*Record extracts*.
━━━
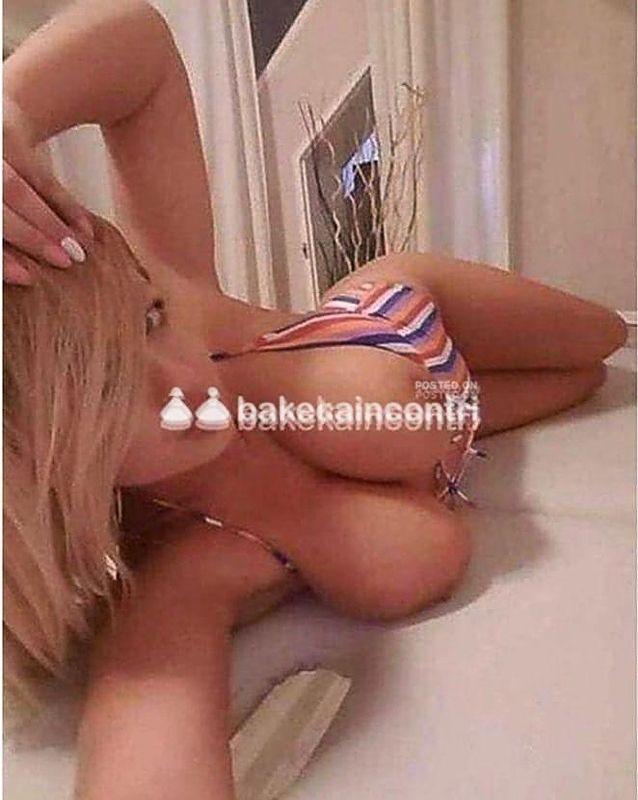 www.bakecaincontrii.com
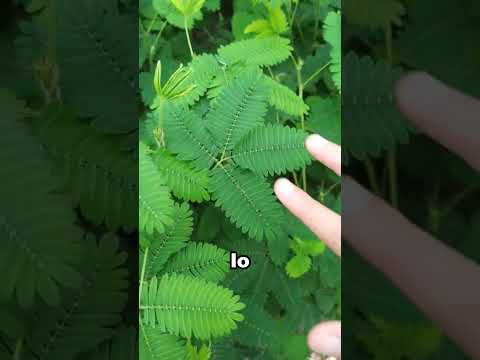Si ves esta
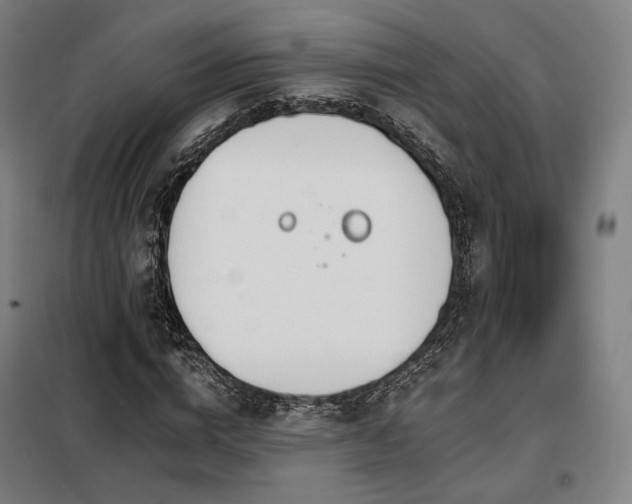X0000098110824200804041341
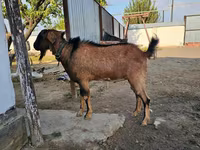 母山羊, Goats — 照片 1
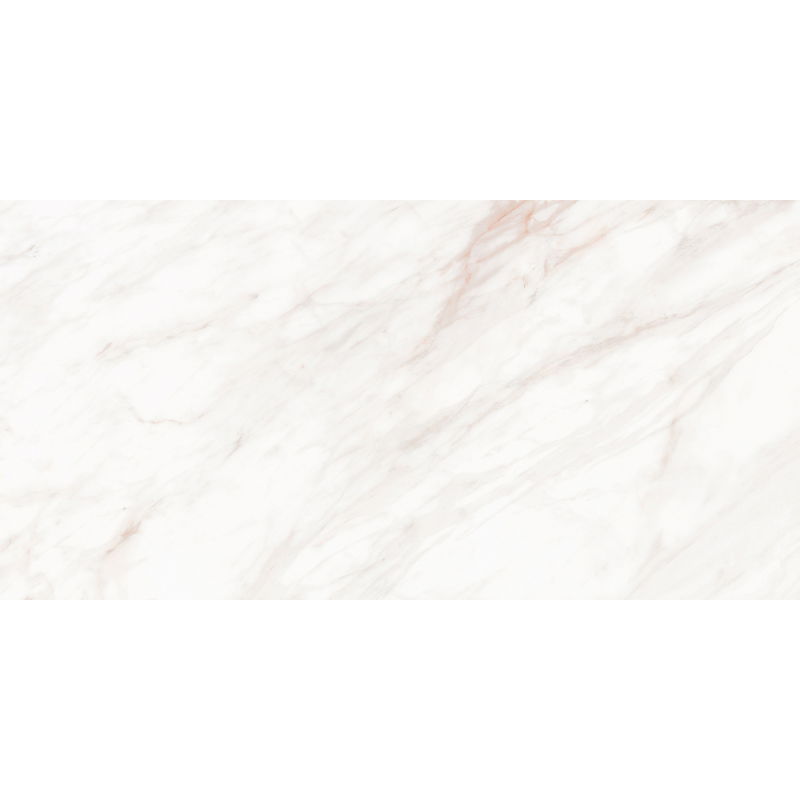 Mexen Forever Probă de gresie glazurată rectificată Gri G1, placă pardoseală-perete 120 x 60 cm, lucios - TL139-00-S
━━━
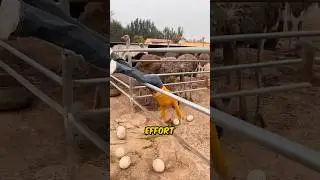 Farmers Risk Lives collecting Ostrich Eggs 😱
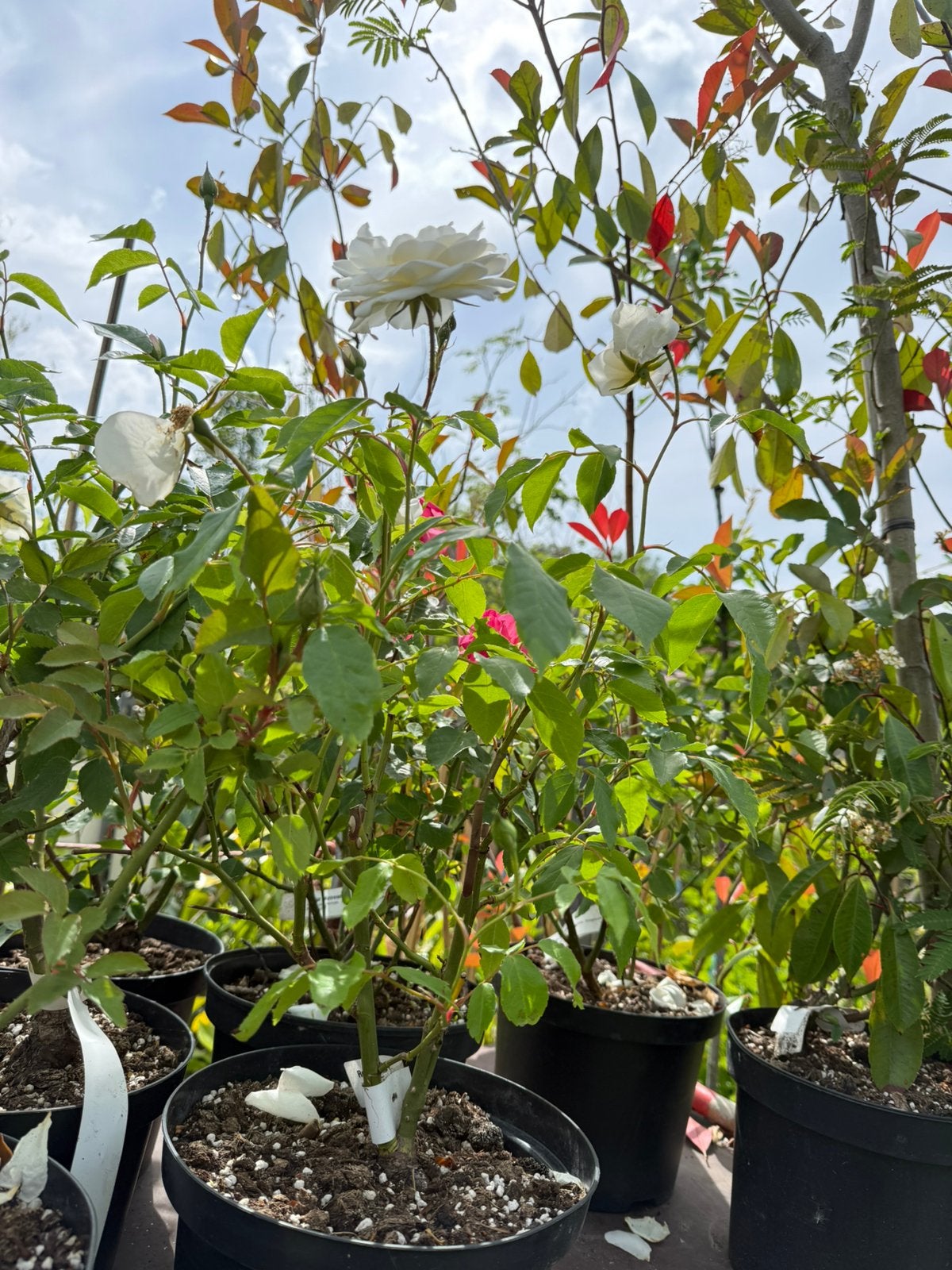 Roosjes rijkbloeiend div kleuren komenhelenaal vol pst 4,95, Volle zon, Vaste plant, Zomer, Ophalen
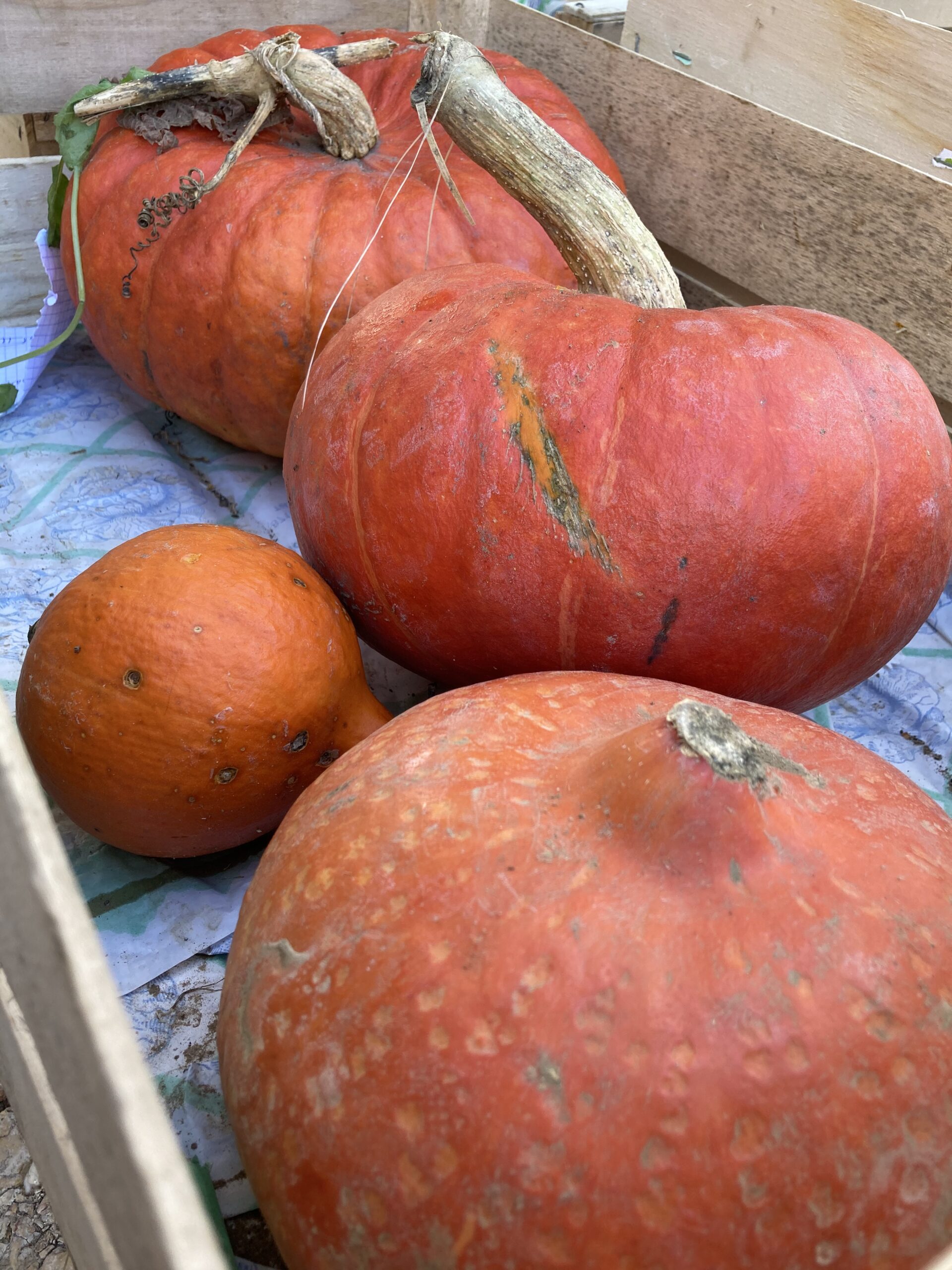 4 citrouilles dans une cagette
━━━
*How to complete this task*.
Look above for the line containing "Roosjes rijkbloeiend div", then write out every line from there down to the line containing "4 citrouilles dans une cagette", that line included, with no pictures.

*Answer for this exercise*.
 Roosjes rijkbloeiend div kleuren komenhelenaal vol pst 4,95, Volle zon, Vaste plant, Zomer, Ophalen
 4 citrouilles dans une cagette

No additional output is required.